La reprise de l'activité au Canada, qui s'est amorcée au dernier trimestre de 2001, s'est intensifiée au premier semestre de cette année. D'ici la fin de 2003, la Banque s'attend à ce que l'expansion reste vigoureuse et s'établisse entre 3 et 4 % en taux annualisé. Le taux de croissance pour l'année dans son ensemble avoisinerait ainsi 3 1/2 % en 2002 comme en 2003. Les taux d'accroissement de l'IPC global et de l'indice de référence devraient se situer un peu au-dessus de 2 % au second semestre de 2002, avant de se stabiliser à près de 2 % en 2003.

Étant donné que l'économie canadienne a progressé à un rythme plus vif que prévu au premier semestre de 2002, les capacités excédentaires dont elle dispose en ce moment sont moindres que ce qui avait été projeté dans le Rapport d'avril.
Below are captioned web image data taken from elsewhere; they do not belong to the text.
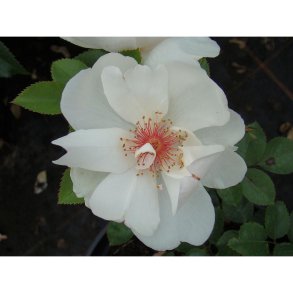 Jacqueline du Pr&eacute;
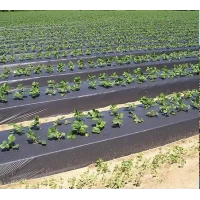 Пленка для мульчирования грунта 1х500м (14.5кг) Толщина 30мкм. С защитой от ультрафиолета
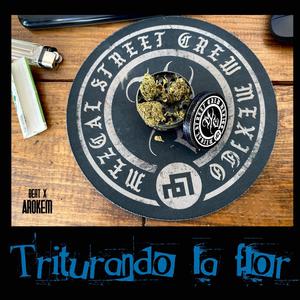 Triturando La Flor (feat. Arokem) (Explicit)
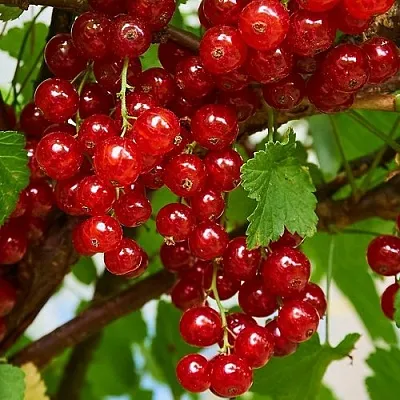 Смородина красная НАТАЛИ  Смородина красная НАТАЛИ в Челябинске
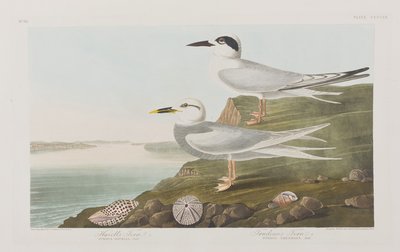 Ilustrace z 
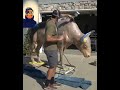 Building a Cow Statue – Step by Step!"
L'économie devrait atteindre son plein potentiel au début de 2003, soit plus tôt que nous ne l'avions d'abord estimé.

À la lumière de cette évolution, la Banque a continué d'atténuer la détente monétaire présente au sein de l'économie en relevant le taux cible du financement à un jour de 25 points de base à trois reprises — en avril, en juin et en juillet —, pour le porter à 2 3/4 %.
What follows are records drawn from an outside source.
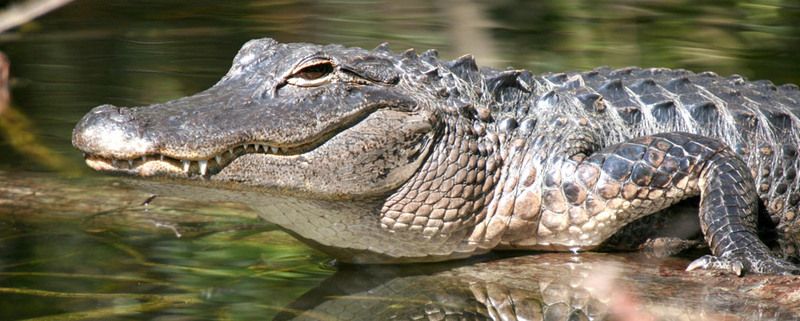 crocodile-18.jpg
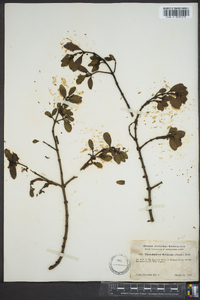 Phoradendron leucarpum subsp. leucarpum image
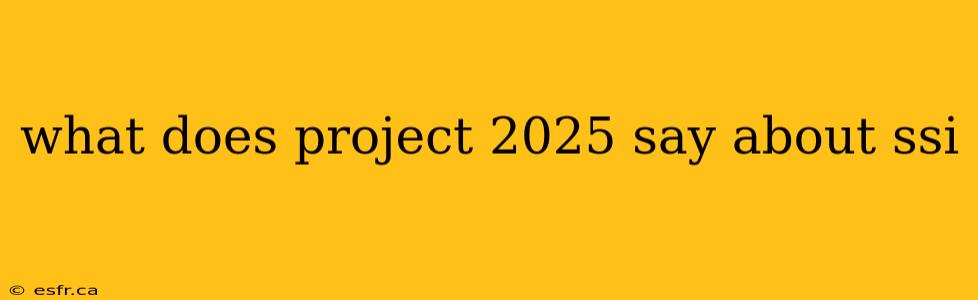 what does project 2025 say about ssi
La Banque reste d'avis que les conditions économiques fondamentales lui dicteront des réductions supplémentaires du degré de détente monétaire. Le moment et l'ampleur des mesures qu'elle prendra dépendront de la force des différents facteurs à l'oeuvre et des implications pour les pressions s'exerçant sur l'appareil de production et, partant, sur l'inflation.
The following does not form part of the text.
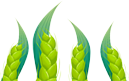 640 (1).png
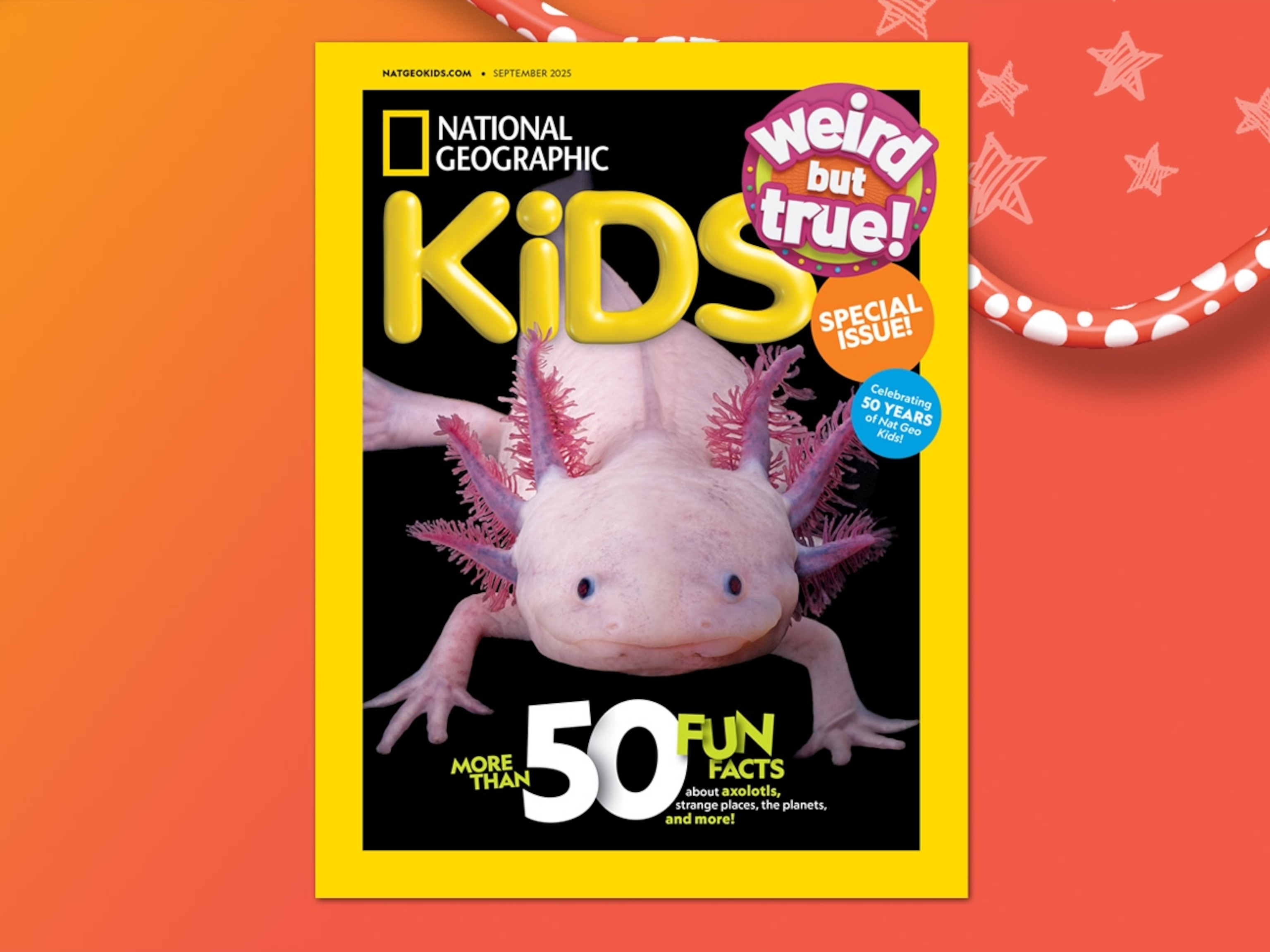 【National Geographic Kids 】11冊セット Amazon.com: National Geographic Kids Activity Journal Set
Des risques, aussi bien à la hausse qu'à la baisse, entourent les perspectives de croissance de l'économie canadienne. D'une part, la progression de la demande intérieure pourrait être plus forte que prévu en raison du degré élevé de détente monétaire toujours en place. D'autre part, il y a les incertitudes liées aux problèmes observés du côté des sociétés et des marchés financiers, à l'échelle internationale, ainsi qu'aux effets possibles de ces problèmes sur la confiance et l'expansion économique mondiale. À l'heure actuelle, les risques relatifs à notre projection d'un taux de croissance de 3 à 4 % semblent s'équilibrer.

Pour la période à venir, la Banque continuera de veiller à prendre des mesures pour atteindre la cible d'inflation de 2 %. Le maintien de l'inflation à un taux bas et stable constitue la meilleure contribution que la politique monétaire peut apporter à une croissance soutenue.